Why 25-year-old Mahnoor Omer took Pakistan to court over periods - assalamu alaikum
Assalamu alaikum - Growing up in Rawalpindi, Mahnoor Omer remembers the shame and anxiety she felt at school when she had her period. Taking a sanitary pad to the toilet felt secretive, like hiding something embarrassing. “I used to hide my pad up my sleeve like I was taking narcotics to the bathroom,” she says. Her family is middle-class - father a businessman, mother a homemaker - and even classmates and teachers treated menstruation as something to be ashamed of. One classmate told her mother that pads were “a waste of money.”
“That’s when it hit me,” Mahnoor says. “If middle-class families think this way, imagine how out of reach these products are for others.”
Now 25, Mahnoor has moved from being a shy schoolgirl to taking a public stand in a case that could change how menstrual hygiene is treated in Pakistan. In September she petitioned the Lahore High Court, arguing that the taxes on sanitary pads - effectively a “period tax” - are discriminatory and make basic hygiene unaffordable for many women.
Pakistani law has long applied sales and customs taxes to locally made and imported sanitary pads and to raw materials used to make them. When other local levies are added, organisations estimate these products can be taxed at around 40 percent. Mahnoor’s petition says that taxes specifically affecting women violate constitutional guarantees of equality, dignity and social justice.

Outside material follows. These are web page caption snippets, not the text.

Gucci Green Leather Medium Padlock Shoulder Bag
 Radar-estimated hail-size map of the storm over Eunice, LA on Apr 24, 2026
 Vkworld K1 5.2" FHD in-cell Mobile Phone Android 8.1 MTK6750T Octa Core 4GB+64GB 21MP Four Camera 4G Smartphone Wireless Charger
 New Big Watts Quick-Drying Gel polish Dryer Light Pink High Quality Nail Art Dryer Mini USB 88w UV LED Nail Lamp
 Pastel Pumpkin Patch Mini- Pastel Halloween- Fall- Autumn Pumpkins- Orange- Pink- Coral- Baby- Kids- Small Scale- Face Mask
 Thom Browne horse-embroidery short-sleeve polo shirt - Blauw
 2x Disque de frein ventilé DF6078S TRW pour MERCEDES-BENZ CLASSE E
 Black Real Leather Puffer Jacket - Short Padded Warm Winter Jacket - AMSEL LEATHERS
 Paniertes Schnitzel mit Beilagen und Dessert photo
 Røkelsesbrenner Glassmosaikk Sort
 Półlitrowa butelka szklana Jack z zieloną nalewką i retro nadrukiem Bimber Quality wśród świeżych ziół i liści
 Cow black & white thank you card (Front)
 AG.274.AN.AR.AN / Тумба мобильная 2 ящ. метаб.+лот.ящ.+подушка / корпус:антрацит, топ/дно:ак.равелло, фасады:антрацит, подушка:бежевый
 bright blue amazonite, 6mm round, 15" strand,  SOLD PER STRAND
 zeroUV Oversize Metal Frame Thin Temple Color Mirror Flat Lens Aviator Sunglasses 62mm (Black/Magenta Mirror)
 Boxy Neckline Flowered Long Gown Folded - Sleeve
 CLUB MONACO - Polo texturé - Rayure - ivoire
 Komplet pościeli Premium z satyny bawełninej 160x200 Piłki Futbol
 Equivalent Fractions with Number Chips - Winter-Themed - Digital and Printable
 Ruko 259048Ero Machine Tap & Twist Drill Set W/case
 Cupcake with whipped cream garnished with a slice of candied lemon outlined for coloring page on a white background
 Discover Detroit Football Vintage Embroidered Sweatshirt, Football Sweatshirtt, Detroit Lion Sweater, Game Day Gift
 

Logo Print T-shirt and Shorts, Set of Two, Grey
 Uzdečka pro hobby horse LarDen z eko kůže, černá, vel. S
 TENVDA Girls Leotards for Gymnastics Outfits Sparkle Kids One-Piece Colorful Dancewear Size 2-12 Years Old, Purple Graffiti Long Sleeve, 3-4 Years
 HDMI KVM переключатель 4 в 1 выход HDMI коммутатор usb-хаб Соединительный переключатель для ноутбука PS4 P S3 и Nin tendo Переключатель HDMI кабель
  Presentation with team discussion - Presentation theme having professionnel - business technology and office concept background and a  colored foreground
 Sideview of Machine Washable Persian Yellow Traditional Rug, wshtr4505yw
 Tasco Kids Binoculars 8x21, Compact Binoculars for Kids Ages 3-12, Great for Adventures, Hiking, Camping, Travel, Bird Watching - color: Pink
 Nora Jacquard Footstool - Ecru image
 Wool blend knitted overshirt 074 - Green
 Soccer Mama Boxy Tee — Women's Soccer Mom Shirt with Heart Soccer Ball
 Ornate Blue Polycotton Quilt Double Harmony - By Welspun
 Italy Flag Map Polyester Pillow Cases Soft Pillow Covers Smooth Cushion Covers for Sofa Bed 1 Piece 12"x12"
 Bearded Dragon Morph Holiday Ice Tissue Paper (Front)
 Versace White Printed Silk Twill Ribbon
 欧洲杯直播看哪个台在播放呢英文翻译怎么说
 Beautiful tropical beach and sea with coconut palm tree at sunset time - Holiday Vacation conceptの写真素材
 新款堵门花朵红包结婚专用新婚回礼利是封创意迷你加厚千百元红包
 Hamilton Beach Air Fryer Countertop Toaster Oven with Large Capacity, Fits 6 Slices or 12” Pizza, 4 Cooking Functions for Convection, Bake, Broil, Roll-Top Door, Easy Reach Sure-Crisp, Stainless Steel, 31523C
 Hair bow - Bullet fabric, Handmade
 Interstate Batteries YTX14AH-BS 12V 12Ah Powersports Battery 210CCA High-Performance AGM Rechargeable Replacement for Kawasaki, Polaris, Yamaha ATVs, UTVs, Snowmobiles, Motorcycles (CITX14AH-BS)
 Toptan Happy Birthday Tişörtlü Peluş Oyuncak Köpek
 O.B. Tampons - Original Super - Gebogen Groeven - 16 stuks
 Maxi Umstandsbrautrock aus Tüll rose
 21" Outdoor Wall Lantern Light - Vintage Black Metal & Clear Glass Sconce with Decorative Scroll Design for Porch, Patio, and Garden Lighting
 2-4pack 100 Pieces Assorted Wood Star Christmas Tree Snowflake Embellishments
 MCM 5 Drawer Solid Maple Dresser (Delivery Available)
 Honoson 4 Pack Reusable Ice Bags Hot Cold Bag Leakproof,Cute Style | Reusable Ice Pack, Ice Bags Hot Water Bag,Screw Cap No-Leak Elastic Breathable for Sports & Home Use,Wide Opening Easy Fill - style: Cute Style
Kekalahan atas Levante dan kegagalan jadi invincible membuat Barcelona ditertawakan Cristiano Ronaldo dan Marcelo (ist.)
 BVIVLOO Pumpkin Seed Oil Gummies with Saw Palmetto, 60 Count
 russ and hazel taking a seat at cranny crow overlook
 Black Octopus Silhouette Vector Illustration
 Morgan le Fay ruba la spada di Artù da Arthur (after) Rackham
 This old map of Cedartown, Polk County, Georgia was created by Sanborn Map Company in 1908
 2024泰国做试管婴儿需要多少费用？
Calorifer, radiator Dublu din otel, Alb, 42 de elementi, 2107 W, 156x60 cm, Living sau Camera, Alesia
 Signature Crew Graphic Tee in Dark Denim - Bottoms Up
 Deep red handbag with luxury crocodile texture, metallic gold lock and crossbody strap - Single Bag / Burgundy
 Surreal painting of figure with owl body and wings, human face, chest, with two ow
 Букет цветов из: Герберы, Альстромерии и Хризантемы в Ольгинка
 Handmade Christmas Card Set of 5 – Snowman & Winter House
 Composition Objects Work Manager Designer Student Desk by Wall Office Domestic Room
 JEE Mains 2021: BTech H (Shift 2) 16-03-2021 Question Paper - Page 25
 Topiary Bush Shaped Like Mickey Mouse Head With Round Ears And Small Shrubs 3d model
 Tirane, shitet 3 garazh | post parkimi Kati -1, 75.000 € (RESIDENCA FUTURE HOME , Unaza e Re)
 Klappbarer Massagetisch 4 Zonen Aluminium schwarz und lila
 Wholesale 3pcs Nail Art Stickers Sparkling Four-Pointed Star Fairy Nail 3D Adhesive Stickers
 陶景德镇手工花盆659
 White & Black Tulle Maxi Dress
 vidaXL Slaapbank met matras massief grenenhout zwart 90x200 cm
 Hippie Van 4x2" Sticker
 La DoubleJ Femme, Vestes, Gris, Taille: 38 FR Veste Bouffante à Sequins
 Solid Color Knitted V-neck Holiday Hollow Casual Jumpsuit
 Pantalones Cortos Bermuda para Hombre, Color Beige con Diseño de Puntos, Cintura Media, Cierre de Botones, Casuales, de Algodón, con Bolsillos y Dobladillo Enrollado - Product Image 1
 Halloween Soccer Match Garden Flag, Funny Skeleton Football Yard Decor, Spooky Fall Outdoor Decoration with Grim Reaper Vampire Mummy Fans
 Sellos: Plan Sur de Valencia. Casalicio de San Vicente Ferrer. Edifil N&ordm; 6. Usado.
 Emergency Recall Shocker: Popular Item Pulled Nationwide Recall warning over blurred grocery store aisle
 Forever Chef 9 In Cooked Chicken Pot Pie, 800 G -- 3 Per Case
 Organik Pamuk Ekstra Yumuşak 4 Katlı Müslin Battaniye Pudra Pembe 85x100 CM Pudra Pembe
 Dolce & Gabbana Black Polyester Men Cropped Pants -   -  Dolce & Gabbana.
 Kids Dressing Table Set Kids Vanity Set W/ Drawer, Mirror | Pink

In a society where menstruation is often taboo, lawyers and activists say the taxes worsen the problem by putting pads out of reach. A standard pack of commercial pads can cost around 450 rupees for 10 pieces - in a country where many people live on very low incomes, that’s a significant expense. UNICEF and WaterAid research shows only about 12 percent of Pakistani women use commercial pads; most others improvise with cloth or other materials and lack access to clean water.
“If this petition goes forward, it’s going to make pads affordable,” says Hira Amjad of Dastak Foundation, a nonprofit working on gender equality. More affordable menstrual supplies, supporters say, could improve health and help girls stay in school.
For many women, periods are tied to shame from home and school. Another activist, Bushra Mahnoor, grew up with four sisters in Attock and recalls the constant worry each month about whether there would be enough pads. A teacher once humiliated a girl for a stained uniform; experiences like that, and lack of information, shape girls’ lives. Studies find most girls feel embarrassed talking about periods and many receive no information before their first time.
After the 2022 floods, Bushra started Mahwari Justice to make sure relief efforts included menstrual supplies; her group has distributed period kits and used music and comics to normalise conversation about menstruation. Dastak Foundation also distributes kits during disasters. Those climate shocks, activists say, hit women hard - living in tents without supplies or privacy makes an already difficult situation worse.
Mahnoor’s path to activism began young. She volunteered making and distributing “dignity kits” in low-income neighbourhoods, raised funds through bake sales, and later worked on gender and criminal justice issues. She has been involved with women’s rights marches and is studying gender, peace and security abroad while planning to return to practise law in Pakistan. A friend and tax lawyer encouraged her to file the petition, turning frustration into a legal challenge.
Supporters argue this is about more than price: it’s about justice. Tax policies are often set by privileged decision-makers who may not consider how they affect ordinary women. Removing taxes on menstrual products could ease financial burdens, reduce stigma, and have wider benefits for health and education. Some campaigners also push for safer, more sustainable products and for workplace protections like paid menstrual leave for women who need it.
Mahnoor says her parents were worried at first about challenging the state, but now they are proud. For her, the case isn’t just a legal fight - it’s about dignity and fairness. “When I think of this case,” she says, “the picture that comes to mind … it’s not a courtroom, it’s a feeling of justice.”
May Allah make it easy for those working to remove barriers to basic dignity for women. Wa alaikum assalam.